Le virologue de la KULeuven était présent ce vendredi 25 avril sur le plateau de VTM en marge de la conférence de presse du Conseil national de sécurité (CNS). Alors que la Première ministre, les vice-Premiers ministres et les ministres-présidents étaient réunis depuis 14h30, les discussions ont pris fin peu avant 22 heures. S'en est suivi la traditionnelle conférence de presse au cours de laquelle Sophie Wilmès (MR) a mis en lumière la stratégie de déconfinement en trois phases qui a été retenue pour la Belgique. Un timing tardif qu'a regretté Marc Van Ranst. "Communiquer après 10 heures, ce n'est pas une approche optimale", a expliqué le scientifique membre de la task-force chargée de l'Exit Strategy. 

Pour ce qui est des raisons de cette prolongation des discussions jusqu'en soirée, le virologue n'y a pas vu de signe que les propositions des experts sur la stratégie à adopter pour cette nouvelle phase de l'épidémie posaient problème aux autorités. "Nous nous sommes tout simplement habitués à cette façon de faire", a détaillé Marc Van Ranst sur VTM. "On peut naturellement regarder les pays voisins, où l'on parvient à commencer ces conférences de presse à une heure convenue et convenable. Je pense que c'est mieux, mais bon c'est comme ça."

Les semaines à venir seront décisives

Après la conférence de presse, le virologue de la KULeuven est revenu sur les décisions annoncées par Sophie Wilmès. "Une partie de la vie normale va revenir, a-t-il commenté. Beaucoup de choses vont changer en même temps. Il faudra être attentif à l'évolution des courbes et au bon fonctionnement des nouvelles mesures. Nous comptons sur le bon sens et la citoyenneté de chacun". 

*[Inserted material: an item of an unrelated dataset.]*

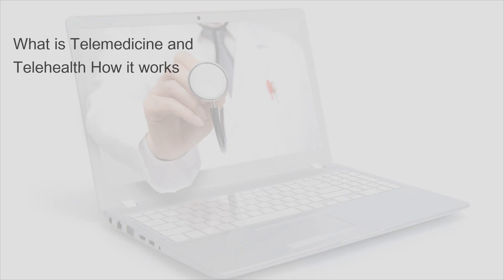Welcome. What is telemedicine and telehealth? How it works?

Un avenir donc incertain, comme le rappelle Marc Van Ranst. Pour beaucoup de secteurs, l'évolution de la situation indiquera si oui ou non une reprise de l'activité est possible. "Pour les cafés par exemple, c'est un cas de figure plus compliqué, des détails seront élaborés et communiqués ultérieurement", a conclu le scientifique.